Materials provided: Begin

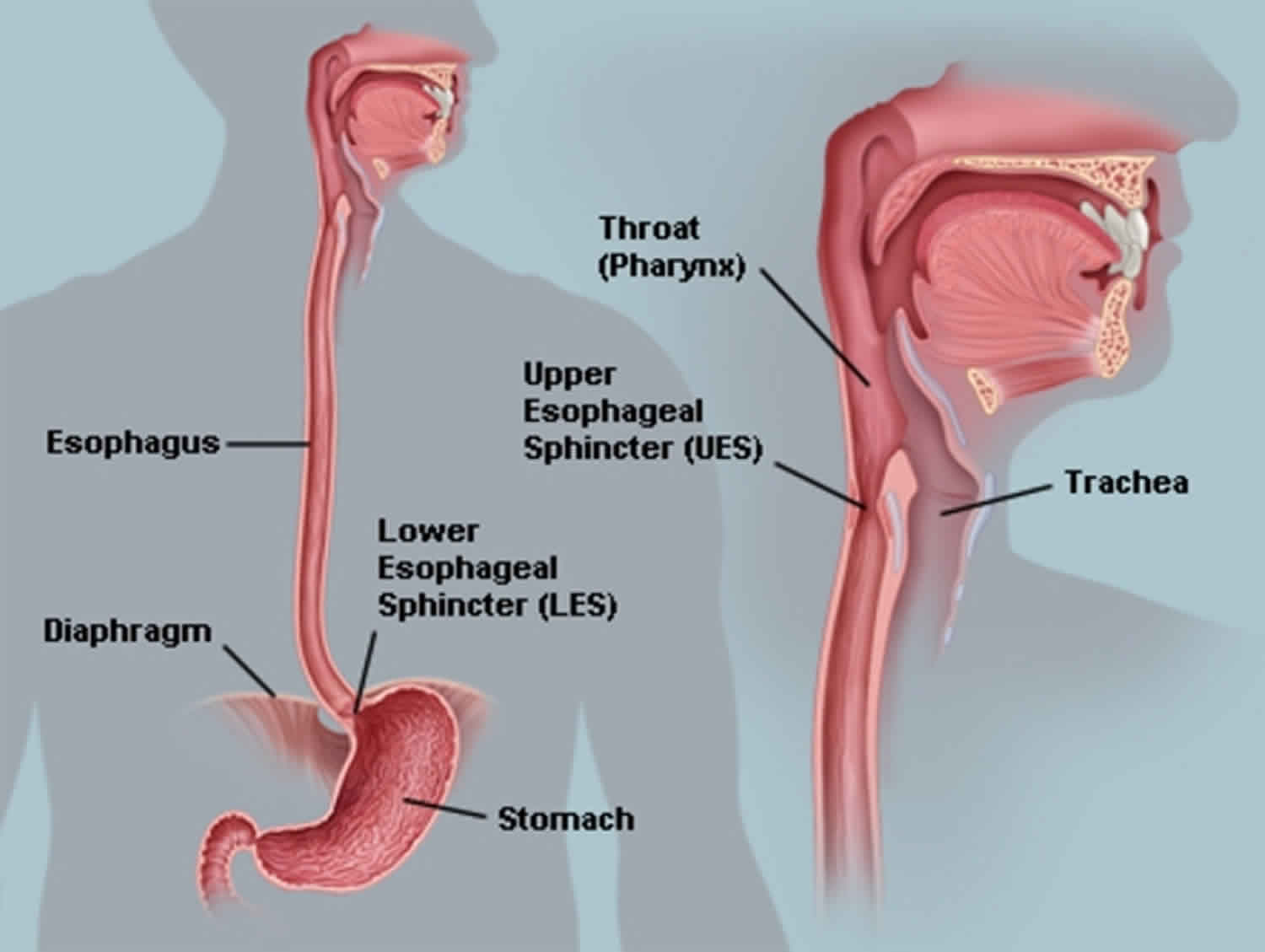 esophageal-dysmotility-esophageal-motility-disorder-causes-symptoms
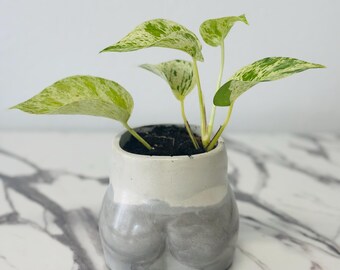 Handmade Concrete Bootyful Pot | Marble Pothos Plant | Low Maintenance Plant | Pot With Plant | Free Shipping |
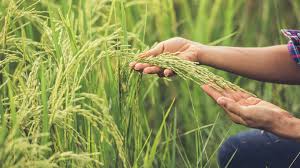 Imagen de apoyo de  Se inician indagaciones por presuntas irregularidades en proyecto Ruta del Arroz del Fondo de Adaptacion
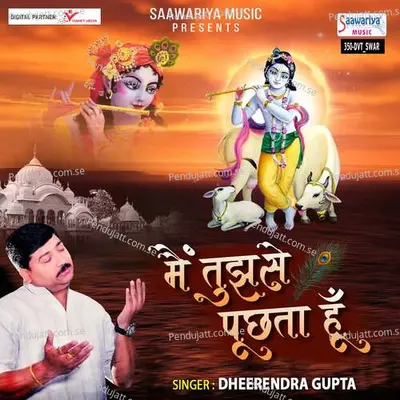 Main Tujhse Puchta Hu - Dheerendra Gupta Dheer album cover 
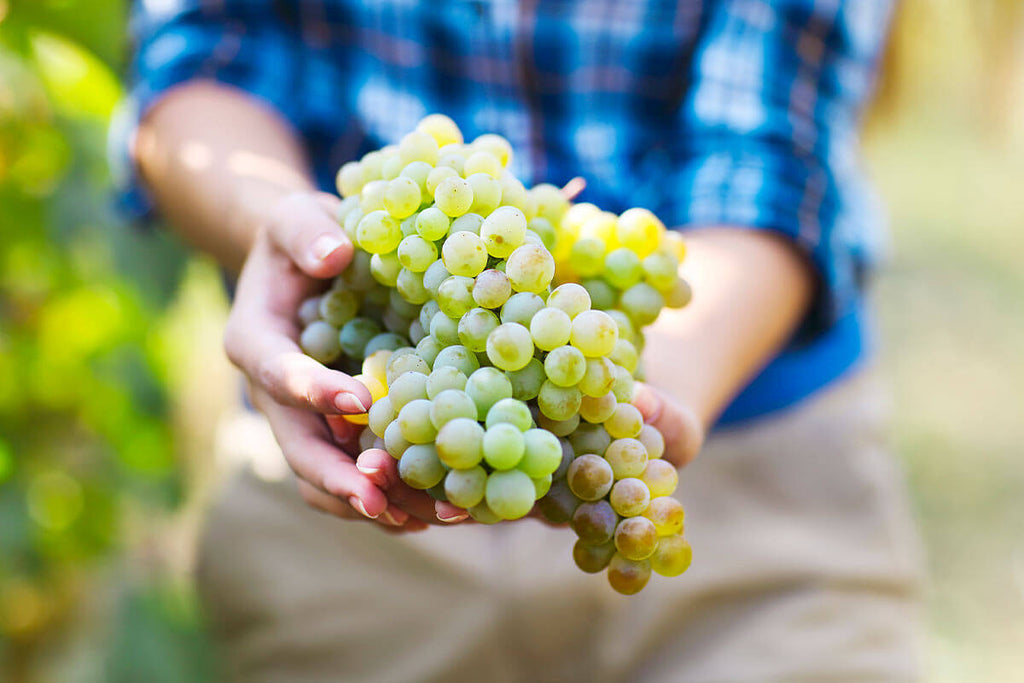 Uvas blancas gallegas: cuáles son y en qué vinos se utilizan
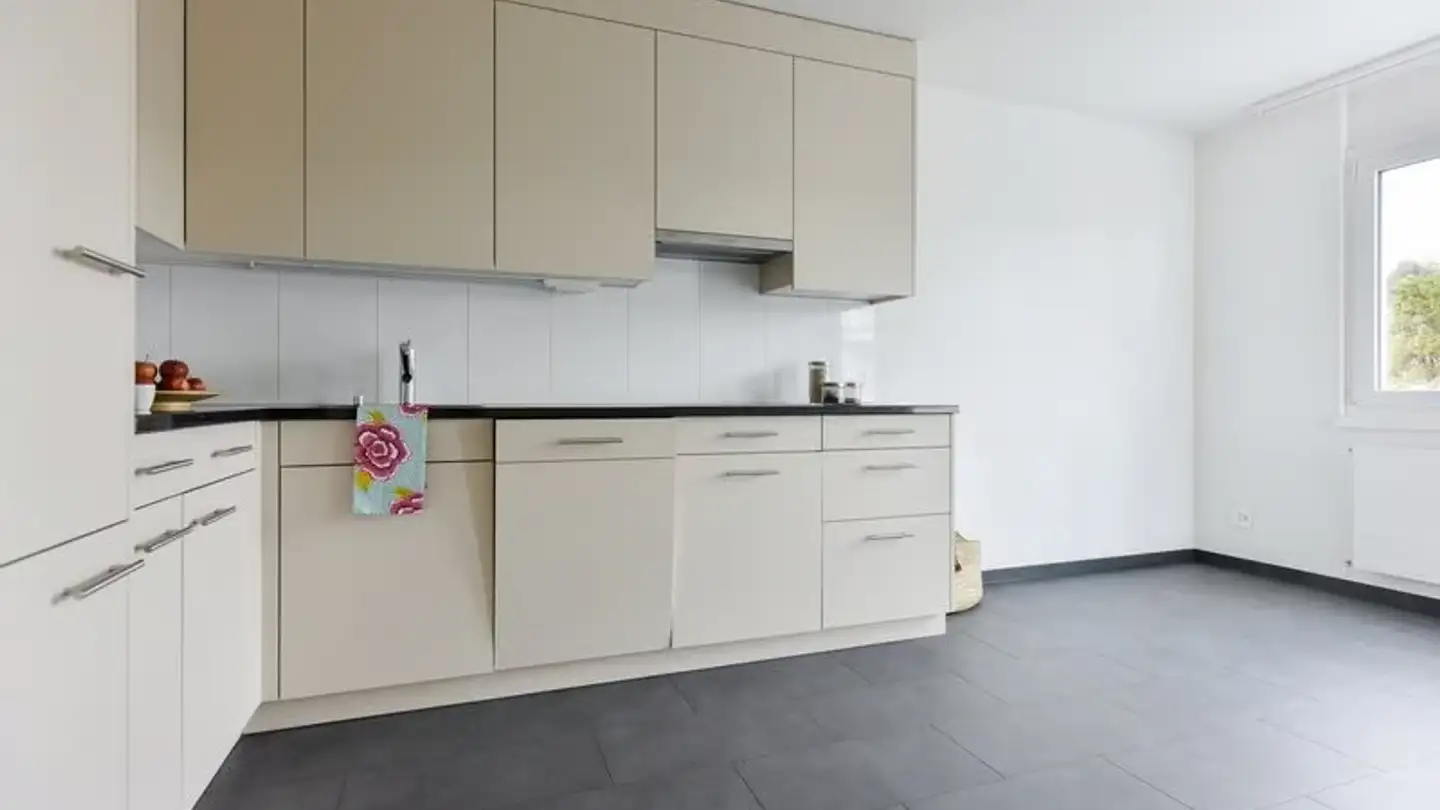 Appartamento in affitto - Wehntalerstrasse 596b, 8046 Zürich - Foto 3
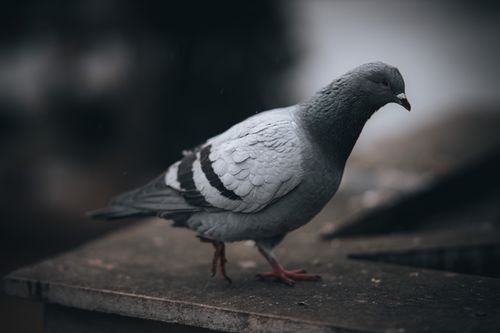 Free Detailed image of a Rock Pigeon (Columba livia) perched on a stone surface, showcasing its feathers. Stock Photo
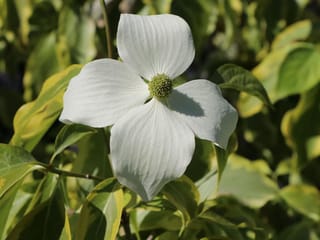 Cornus kousa 'Bonfire' (Japanese Dogwood) flower with four white bracts around a green centre, surrounded by green leaves edged in cream and yellow.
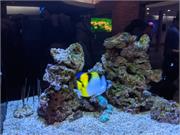 Aquarium2021-102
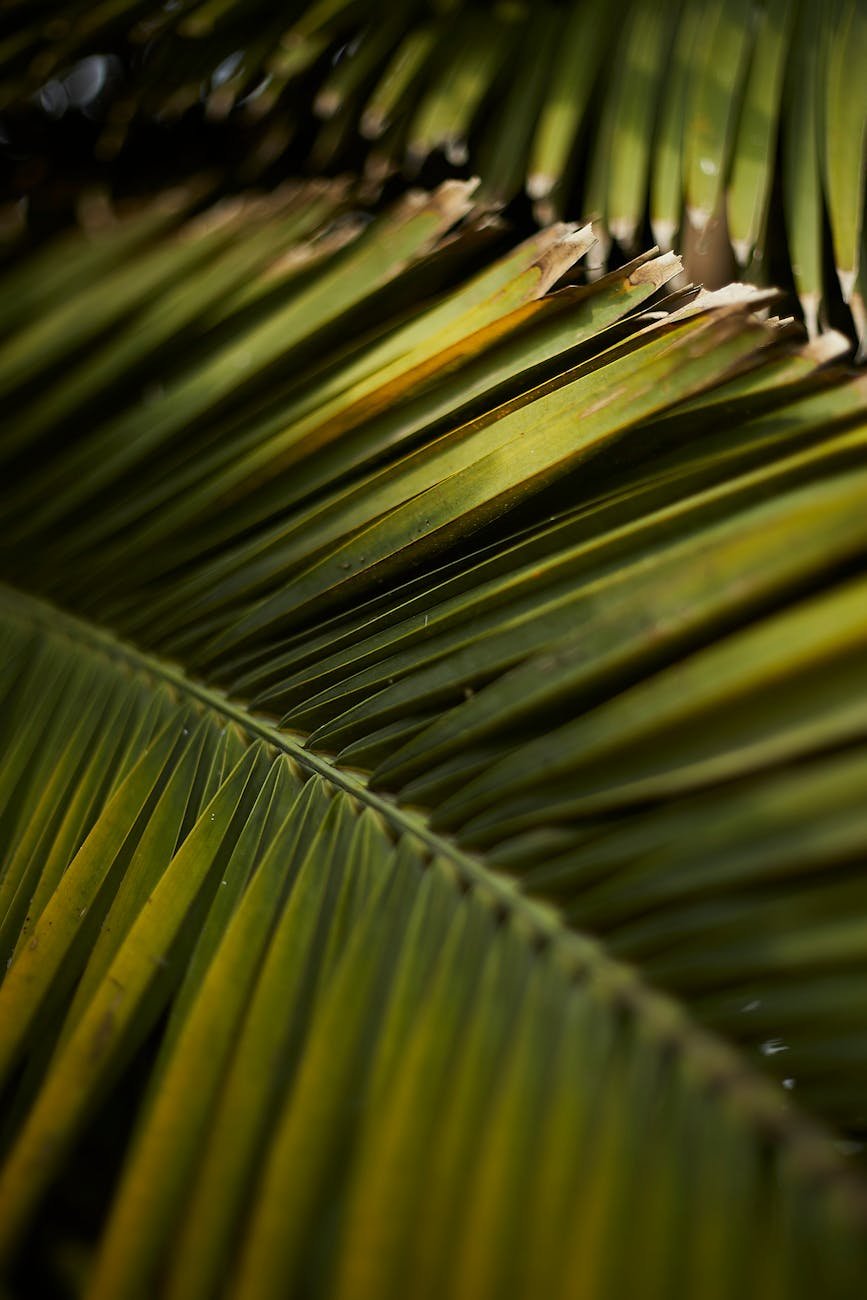 Post media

Materials provided: End

What the task requires
In the listing above, find the line containing "Handmade Concrete Bootyful". Output it and every line after it up to and including the line containing "Main Tujhse Puchta", exactly, but skip the pictures.

Exercise solution
 Handmade Concrete Bootyful Pot | Marble Pothos Plant | Low Maintenance Plant | Pot With Plant | Free Shipping |
 Imagen de apoyo de  Se inician indagaciones por presuntas irregularidades en proyecto Ruta del Arroz del Fondo de Adaptacion
 Main Tujhse Puchta Hu - Dheerendra Gupta Dheer album cover 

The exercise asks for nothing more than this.